━━━━━ Data shown

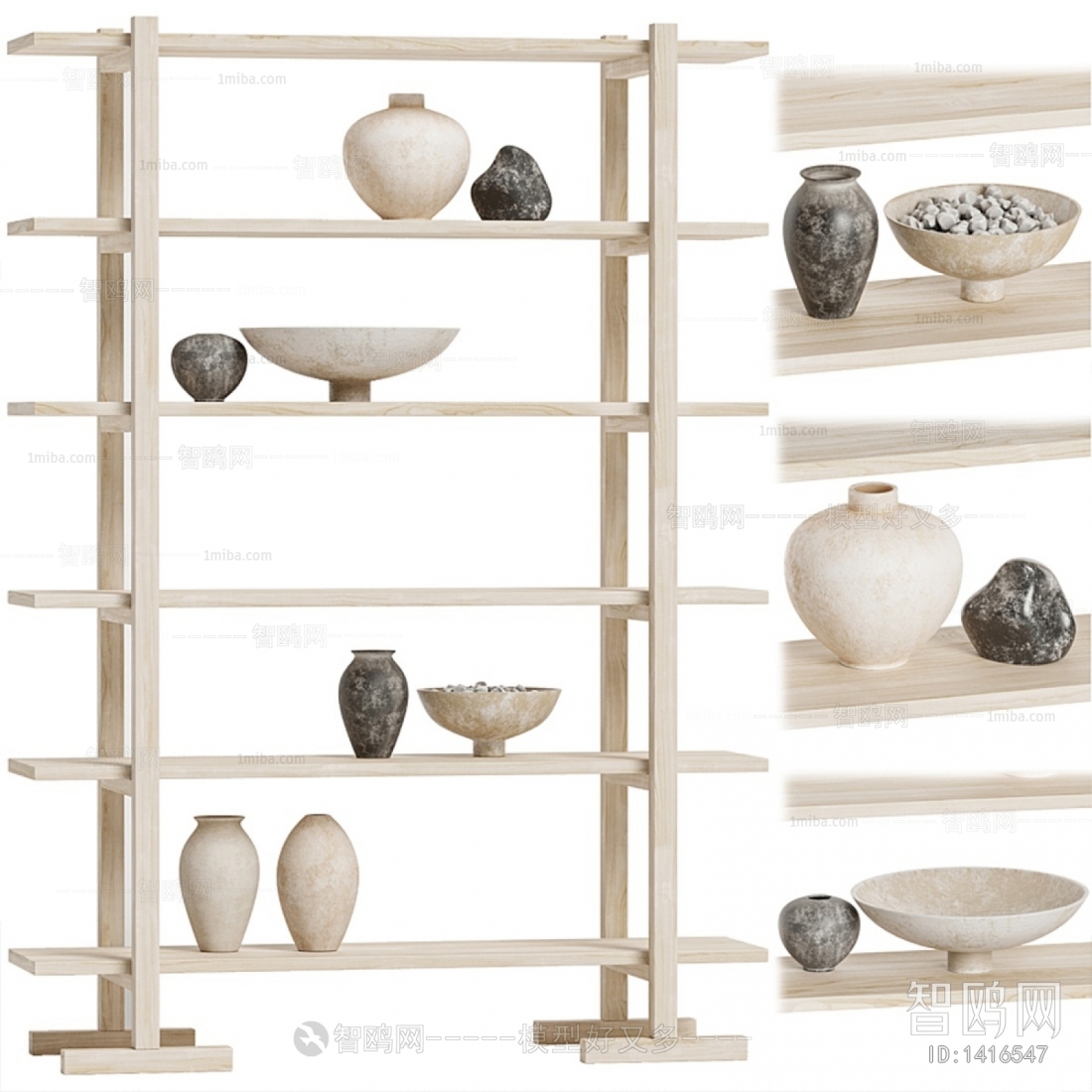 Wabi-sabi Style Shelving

━━━━━━━━━━
━━━━━ Data shown

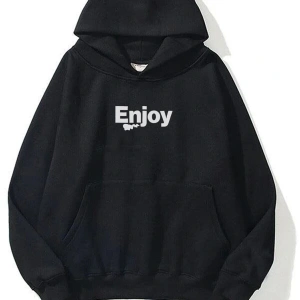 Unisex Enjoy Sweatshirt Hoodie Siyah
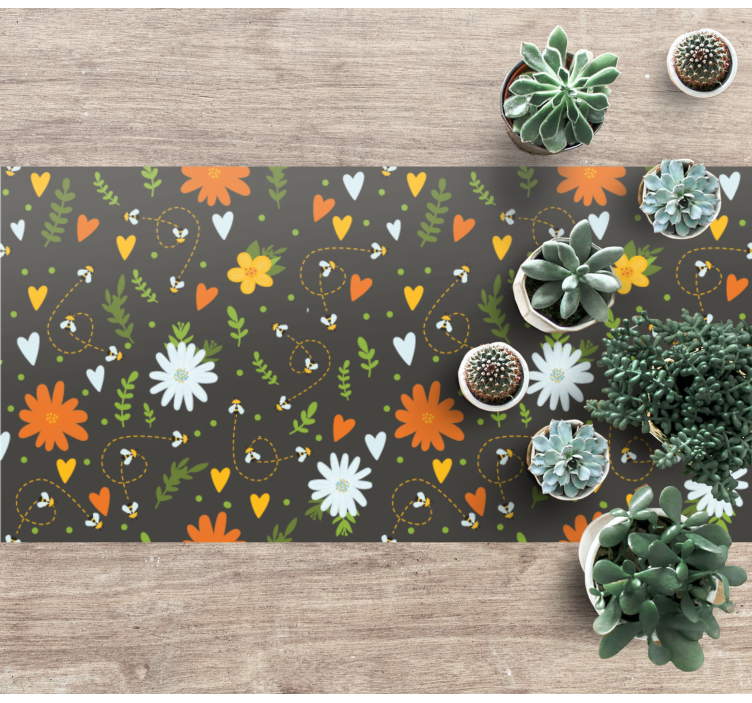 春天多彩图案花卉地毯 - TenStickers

━━━━━━━━━━

## [Work item]
Starting at the line containing "Unisex Enjoy Sweatshirt Hoodie Siyah" and stopping at the line containing "春天多彩图案花卉地毯 - TenStickers", output every line above exactly, both ends included, with pictures omitted.

## [Reply]
 Unisex Enjoy Sweatshirt Hoodie Siyah
 春天多彩图案花卉地毯 - TenStickers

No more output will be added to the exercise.